2001-04-03 Thread Cheng H. Lee
Hi all,

I have a question about running Mutt and NFS together. My current mail
setup has procmail delivering mail to ~/mail and mutt reading the mail
boxes from there. However, when I'm reading mail from my other box (which
has /home mounted from NFS), mutt always open my mail-boxes read-only.

I've read the Readme.NFS that came with mutt but would rather not have
to mount the entire /home tree with the 'nolock' option. Also, the mutt
FAQ says that I can get around this by configuring mutt using the
'--with-homespool' option, but I haven't figure out how to do this.

Any hints/advice? Both boxes are currently running unstable.

Thanks in advance,

Cheng



mutt and nfs

2000-06-27 Thread Paulo Henrique Baptista de Oliveira
Hi all.
I have the lastest mutt package (from woody) and read my mails with
fetchmail in a /home nfs partition mounted. I have .muttrc from Sven Guckes.
I'm havinng problems to delete messages from mbox files. It complains
about locking errors. So I cant store mbox files from e-mails messages.
What can be wrong?
Thanks, Paulo Henrique



mutt and NFS

2000-02-24 Thread Ethan Benson

I have /home NFS mounted, and i also have mutt configured to watch
various mailboxes that i have procmail dump mail into:

mailboxes ! =in-bugtraq =in-debian-devel =in-debian-user =in-debian-powerpc \
 

now when i use mutt on a machine with NFS mounted /home it will say
new mail in in-debian-user for example, i c to that mailbox
read/delete all the mail, hit c again to switch to the next mailbox
with new mail say in-debian-devel read/delete the mail there, now both
mailboxes are empty but mutt says new mail in in-debian-user, so i
change to it its still empty, no messages have been delivered there,
and now mutt is saying new mail in in-debian-devel and so on it will
just go in this loop forever...

if after this has occured i run mutt on the machine with the exported
/home mutt says new mail in in-debian-user but its still empty but
once i change out of the mailbox its fine and no longer erroneously
claims there is mail there.

the mailbox shows and zero length on both machines when mutt is
claiming there is mail when there is not.  
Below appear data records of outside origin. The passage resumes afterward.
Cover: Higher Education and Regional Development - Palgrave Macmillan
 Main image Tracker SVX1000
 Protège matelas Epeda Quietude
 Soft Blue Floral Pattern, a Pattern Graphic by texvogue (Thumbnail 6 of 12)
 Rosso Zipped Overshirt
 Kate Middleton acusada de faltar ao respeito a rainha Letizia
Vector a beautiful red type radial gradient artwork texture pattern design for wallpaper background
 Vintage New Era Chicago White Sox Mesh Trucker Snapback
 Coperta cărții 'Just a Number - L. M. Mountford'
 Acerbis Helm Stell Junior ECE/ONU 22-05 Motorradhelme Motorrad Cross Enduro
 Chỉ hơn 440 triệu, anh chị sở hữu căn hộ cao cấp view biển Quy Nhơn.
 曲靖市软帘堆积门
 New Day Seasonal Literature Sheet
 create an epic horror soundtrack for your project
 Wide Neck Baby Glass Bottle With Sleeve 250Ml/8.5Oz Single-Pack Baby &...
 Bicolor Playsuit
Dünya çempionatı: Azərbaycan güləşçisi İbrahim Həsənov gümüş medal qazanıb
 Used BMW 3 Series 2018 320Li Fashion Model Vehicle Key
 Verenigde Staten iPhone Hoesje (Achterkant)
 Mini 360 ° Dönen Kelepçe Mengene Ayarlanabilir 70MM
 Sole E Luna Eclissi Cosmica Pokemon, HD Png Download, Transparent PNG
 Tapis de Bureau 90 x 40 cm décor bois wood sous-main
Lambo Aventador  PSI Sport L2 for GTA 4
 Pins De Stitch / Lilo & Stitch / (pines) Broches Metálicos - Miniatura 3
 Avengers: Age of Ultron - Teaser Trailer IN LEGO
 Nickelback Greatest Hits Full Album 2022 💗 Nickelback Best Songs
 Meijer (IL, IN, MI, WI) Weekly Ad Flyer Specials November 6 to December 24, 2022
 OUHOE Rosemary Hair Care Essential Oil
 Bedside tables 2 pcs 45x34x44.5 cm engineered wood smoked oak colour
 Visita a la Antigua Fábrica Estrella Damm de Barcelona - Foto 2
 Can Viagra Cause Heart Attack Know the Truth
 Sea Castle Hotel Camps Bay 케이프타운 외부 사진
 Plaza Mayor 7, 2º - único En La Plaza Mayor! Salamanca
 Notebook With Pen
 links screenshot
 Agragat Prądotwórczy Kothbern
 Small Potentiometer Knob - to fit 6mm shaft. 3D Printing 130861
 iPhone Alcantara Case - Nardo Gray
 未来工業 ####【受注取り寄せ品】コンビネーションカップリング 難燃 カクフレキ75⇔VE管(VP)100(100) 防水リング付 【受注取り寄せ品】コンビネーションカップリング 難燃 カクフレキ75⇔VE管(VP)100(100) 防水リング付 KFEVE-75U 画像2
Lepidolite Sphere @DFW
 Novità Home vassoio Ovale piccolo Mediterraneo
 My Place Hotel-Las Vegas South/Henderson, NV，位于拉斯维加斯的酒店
server uses kernel 2.2.14 with knfs, client uses kernel 2.2.15pre3
(with ppc patches) also another client i tested runs 2.2.14, all run
lockd and i have tested that file locking is working properly with a
small C program i found in the BTS (yes i read the long boring saga of
mutt and NFS) 

is there any way to fix this or should i just ssh into the main box
for mail?  

-- 
Ethan Benson


Re: Mutt and NFS (reprise)

1999-09-10 Thread Obi
I fixed that with the nolock options as suggested by Miquel. My problem
was that mutt couldn't lock the file (you see an error 37), so I couldn't
modify the mailbox at all.

graziano

On Fri, Sep 10, 1999 at 02:18:09PM +, Paulo Henrique Baptista de Oliveira 
wrote:
>   I'm having problems with mutt and NFS too. I mount /var/spool/mail by
> NFS and cant delete mails.
>   How to fix this?
>   Thanks, Paulo Henrique
> Quoting Obi ([EMAIL PROTECTED]):
> > Thanks! It actually works ... only if I mount that directly but it
> > doesn't work if I use amd specifying nolock! I'll figure it out though.
> > 
> > Thanks again
> > graziano
> > 
> > On Wed, Sep 08, 1999 at 11:51:28PM +0200, Miquel van Smoorenburg wrote:
> > > In article <[EMAIL PROTECTED]>,
> > > Obi  <[EMAIL PROTECTED]> wrote:
> > > >Hi all,
> > > >
> > > >I know this topic already showed up on the mailing list but the solutions
> > > >weren't really up to mu case: that is having the file on the local FS!!
> > > >
> > > >The situation is /home NFS mounted and mutt refusing to do anything to
> > > >every file in the home directory because of the dreaded locking
> > > >mechanism. THe server is a Debian stable machine and the client is an
> > > >unstable Debian client. 
> > > >
> > > >What can I do? 
> > > 
> > > If you're running a 2.2 kernel on the NFS client, it tries to do
> > > NFS locking by default. If your server doesn't support that you
> > > have to mount the NFS partition with the option "nolock". That's all.
> > > 
> > > Mike.
> > > -- 
> > > ... somehow I have a feeling the hurting hasn't even begun yet
> > >   -- Bill, "The Terrible Thunderlizards"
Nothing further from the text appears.